I pretend not to hear him. (sometimes you just have to do that in a marriage)
I really don’t want a GPS. I don’t want a DVD player either. We don’t need a DVD player in our car. It’s good for kids to have to think… to look out the window… to get bored.
We don’t need heated leather seats or satellite radio or a 6-disc CD player or 12 cup holders either. Yet somehow we get them, along with the DVD player AND the GPS.
What can I say… I’m a sucker.
Also, it’s hard to say no to features when they’re right there all shiny and new. You start feeling the need to collect them like broken seashells.
“My minivan has so many features,” I find myself boasting, listing them off one by one as if the person to whom I’m talking actually cares about the backup camera or doors that open all by themselves.
So now I have a car with many features including a GPS, which I SAID I didn’t want but now I’m finding is actually a really cool thing. First of all it shows my location on a map (which is not really all that helpful to those of us who are direction-impaired, but is definitely pretty and colorful).
Secondly, there’s this feature where the GPS lady comes on and tells you EVERY SINGLE MOVE before you need to make it in order to get you to your destination.
This GPS lady, she has a soothing, pleasing tone and she always knows where to go. She’s thoughtful and concise, and she never says confusing stuff like “West” or “North.”
Still, after following her directions for a while, I find that the rebel inside me starts to rise up.

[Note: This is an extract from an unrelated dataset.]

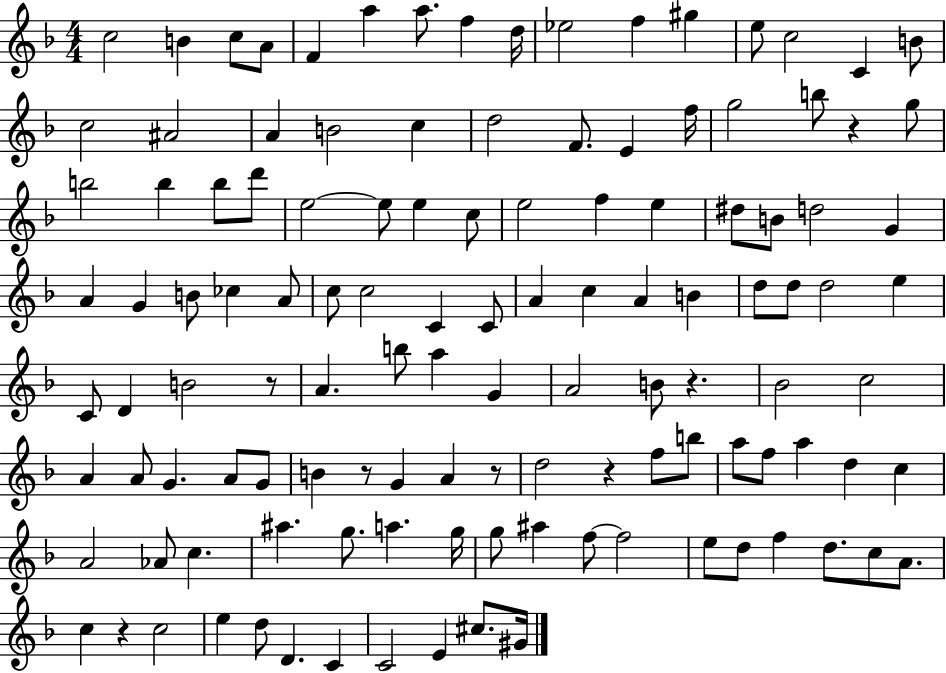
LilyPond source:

(I don’t like to be told what to do)
“Turn left in one quarter mile,” says GPS lady.
I grip the steering wheel just a bit tighter. I don’t think I will, I mutter to myself. And what are you going to do about THAT?!

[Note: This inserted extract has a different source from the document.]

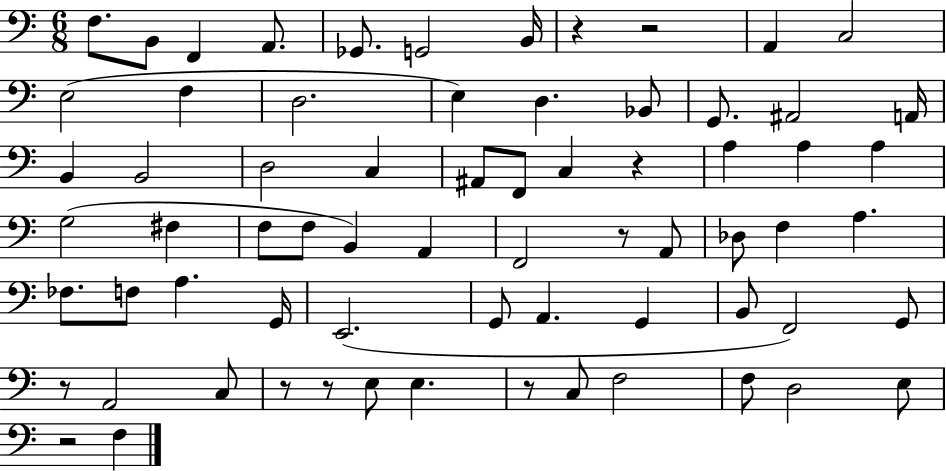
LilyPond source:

“Turn left here,” says GPS lady.
Ha ha ha ha! I’m NOT turning left! Now what are ya gonna do with me? Huh? huh?
“In one mile, U-turn,” says GPS lady.
Oh no… I don’t think so!
“In one quarter mile, make a U-turn.”
“I’M NOT U-TURNING!”
“Take the next right, and then right again,” She’s trying a new tactic. But I WILL NOT BE FOOLED. A u-turn using fancy direction speak is still a u-turn.
“YOU ARE NOT THE BOSS OF ME!” I howl in gleeful delight.
“Mommy?” CJ peers up at me from the backseat, “Mommy, why are you yelling?”
“Oh never mind, CJ,” I say, “Just put on your wireless headphones and watch your DVD.”
Back to my showdown with the GPS lady.
Oh that’s right, I’m still not turning around. I’m in charge here!
Did she just say, “Turn this car around RIGHT NOW, young lady!”?
No, I must have imagined it.
At last she concedes victory over to me (AHA!) and comes up with a whole new route based on my last-minute deviation. Truth be told, she is surprisingly unruffled by my failure to obey.
I have to admit I admire her.
She’s spunky, the GPS lady.
This could be the beginning of a beautiful friendship.